You didn't mention you are logging in remotely. Which ssh client are you using and what does `env` print when executed locally @server.localnetwork?


----------



## SirDice (Sep 29, 2021)

T-Daemon said:


> Small typo there, name is separated by underscore: ~/.login_conf.


Yes, I think I got confused with /etc/login.conf, muscle memory took over from there.


----------



## varda (Sep 30, 2021)

Gentlemen, thanks, your tips was helpful.

There was OpenSSH 8.8 on that box which it owner installed by hand himself, may be for test interest. It requires enabled `PermitUserEnvironment` in sshd_config and list variables which wanted to be exposed in users ~/.ssh/environment.  Then everything works as expected. I do not know why and how it aware about to set environment but version of sshd(8) supplied with FreeBSD works out of the box. 

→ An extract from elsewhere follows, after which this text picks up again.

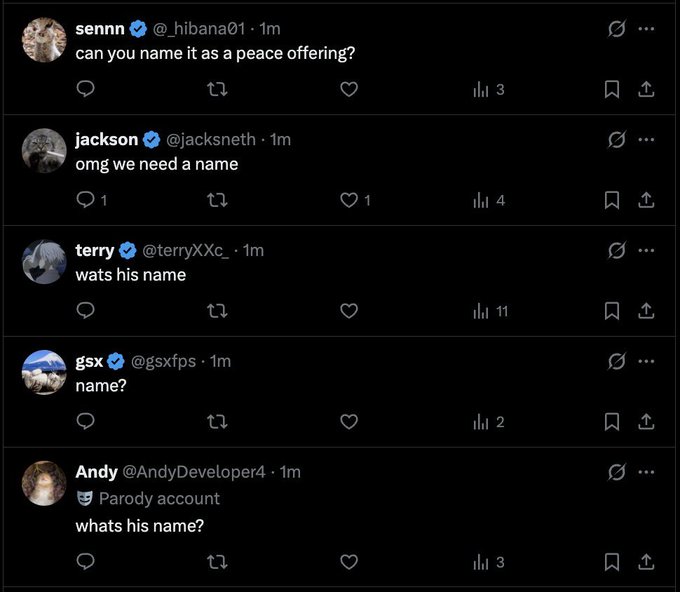 A screenshot of several Twitter/X replies all asking variations of 'what's his name?' from users sennn, jackson, terry, gsx, and Andy.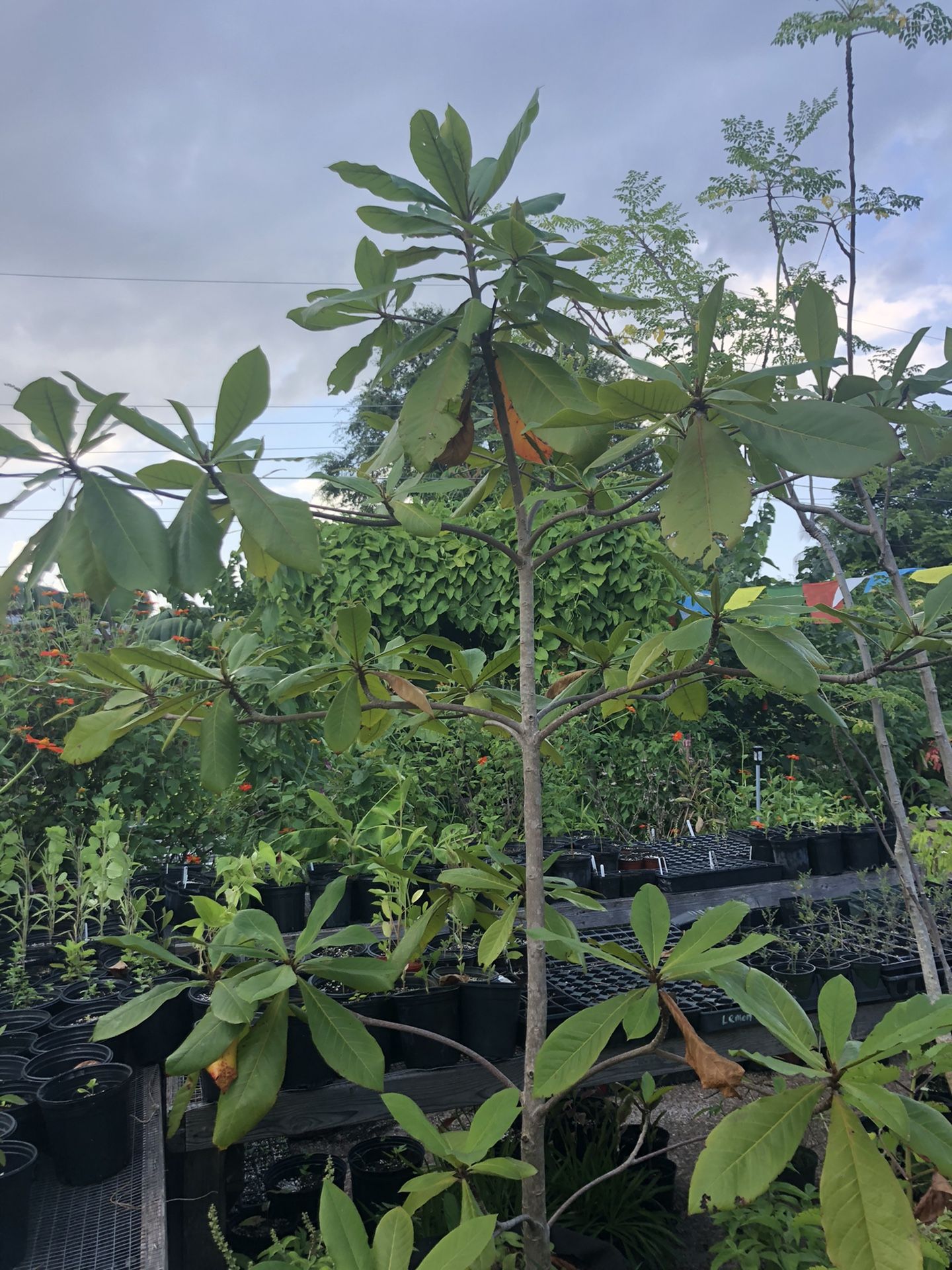 Indian Almond / Tropical Almond (Terminalia catappa) 100% Organically grown.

If there is someone more experienced and can clarify how works or patched version in FreeBSD.

Thank You.


----------



## SirDice (Sep 30, 2021)

varda said:


> There was OpenSSH 8.8 on that box which it owner installed by hand himself, may be for test interest.


Then all bets are off. Not much we can help you with, it's non-standard, not part of the base. There's not even a port for it yet (security/openssh-portable is still on 8.7).


----------



## teo (Oct 1, 2021)

SirDice said:


> The variable is LC_ALL not lc_all, you don't set it like that in login.conf. Remove that line from login.conf. You only need to set `lang` and `charset` correctly. Also check if you don't have any locale settings in ~/.cshrc or a user ~/.login.conf that might override it.


Does the locale setting in ~/.cshrc or a user ~/.login.conf override the LC_ALL variable setting?


----------